High-speed video reveals a big difference in how salamanders react to falling. While ground-dwelling (nonarboreal) salamanders seem helpless during freefall in a vertical wind tunnel, arboreal salamanders maneuver confidently. This suggests that the tree-dwellers have adapted to routine falls, and perhaps use falling as a way to quickly move around in the canopies of the world’s tallest trees. The white spots are paper disks attached with water in order to track the motion of the head, body and tail. (Video produced by Roxanne Makasdjian with footage courtesy of Christian Brown)
Salamanders that live their entire lives in the crowns of the world’s tallest trees, California’s coast redwoods, have evolved a behavior well-adapted to the dangers of falling from high places: the ability to parachute, glide and maneuver in mid-air.
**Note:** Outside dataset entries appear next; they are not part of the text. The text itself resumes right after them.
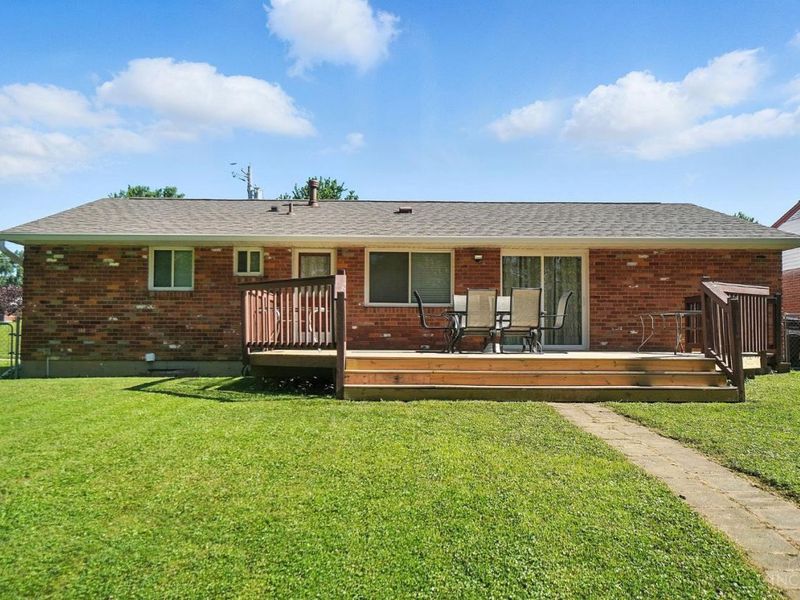 5443 Cleander Drive, Delhi Twp, OH 45238 Photo 38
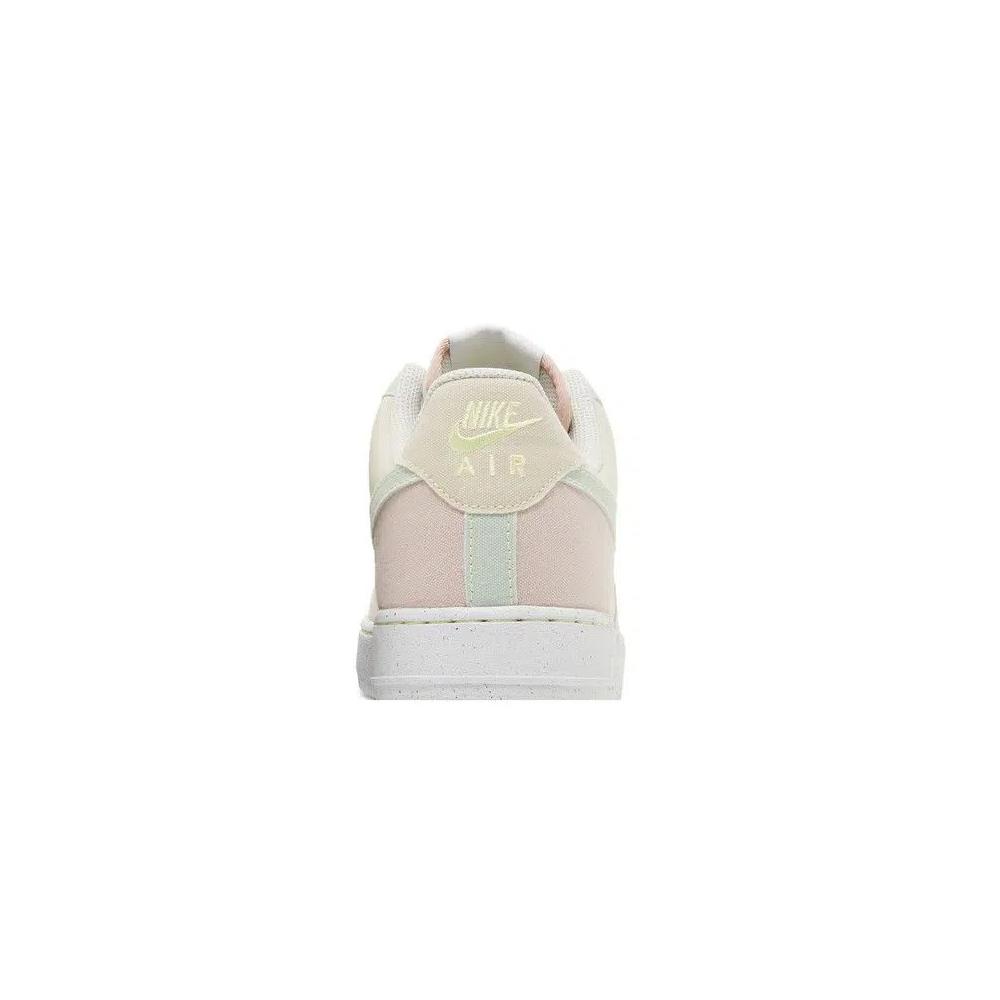 Кроссовки Nike Air Force 1 '07 LX Next Nature 'Structured' 7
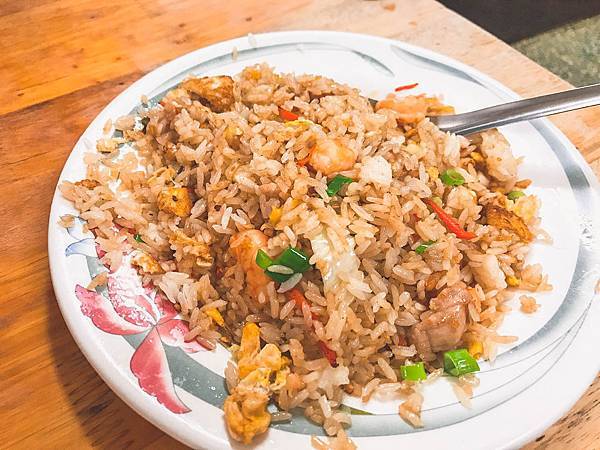 重慶麻辣魚_200523_0013 重慶麻辣魚_200523_0013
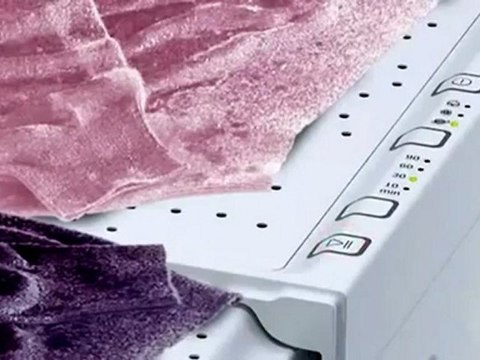 Sửa chữa máy giặt LG tại nhà. TT Điện lạnh Bách Khoa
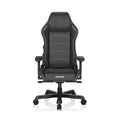 DXRacer Master Series Gaming Chair V2, Microfiber Leather Dxracer Chair  Gamers Point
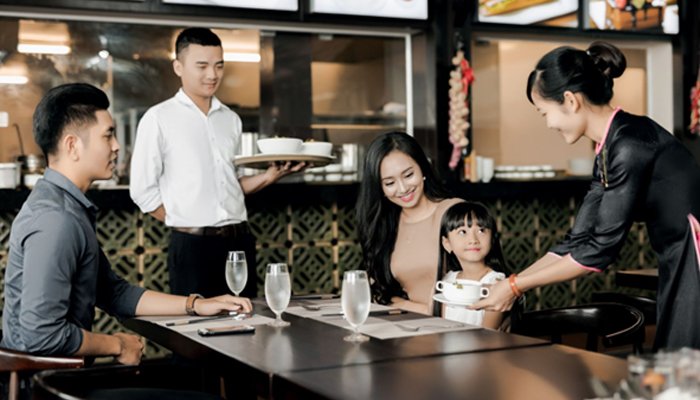 chuong trinh thuc tap sinh ky nang nha hang 68c7949010922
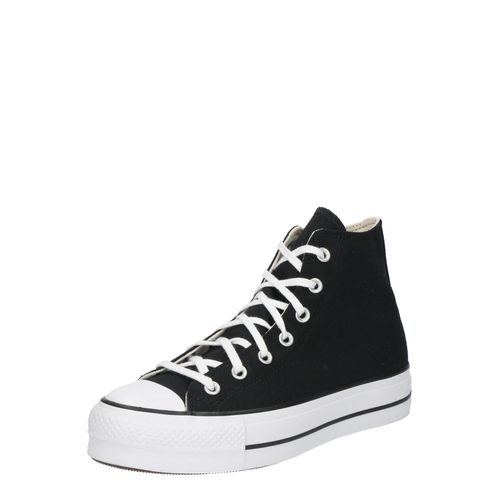 Chaussures Baskets Hauteschuck Taylor All Star'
Flying squirrels, not to mention numerous species of gliding frogs, geckos, and ants and other insects, are known to use similar aerial maneuvers when jumping from tree to tree or when falling, so as to remain in the trees and avoid landing on the ground.
Similarly, the researchers suspect that this salamander’s skydiving skills are a way to steer back to a tree it’s fallen or jumped from, the better to avoid terrestrial predators.
“While they’re parachuting, they have an exquisite amount of maneuverable control,” said Christian Brown, a doctoral candidate at the University of South Florida (USF) in Tampa and first author of a paper about these behaviors. “They are able to turn. They are able to flip themselves over if they go upside down. They’re able to maintain that skydiving posture and kind of pump their tail up and down to make horizontal maneuvers. The level of control is just impressive.”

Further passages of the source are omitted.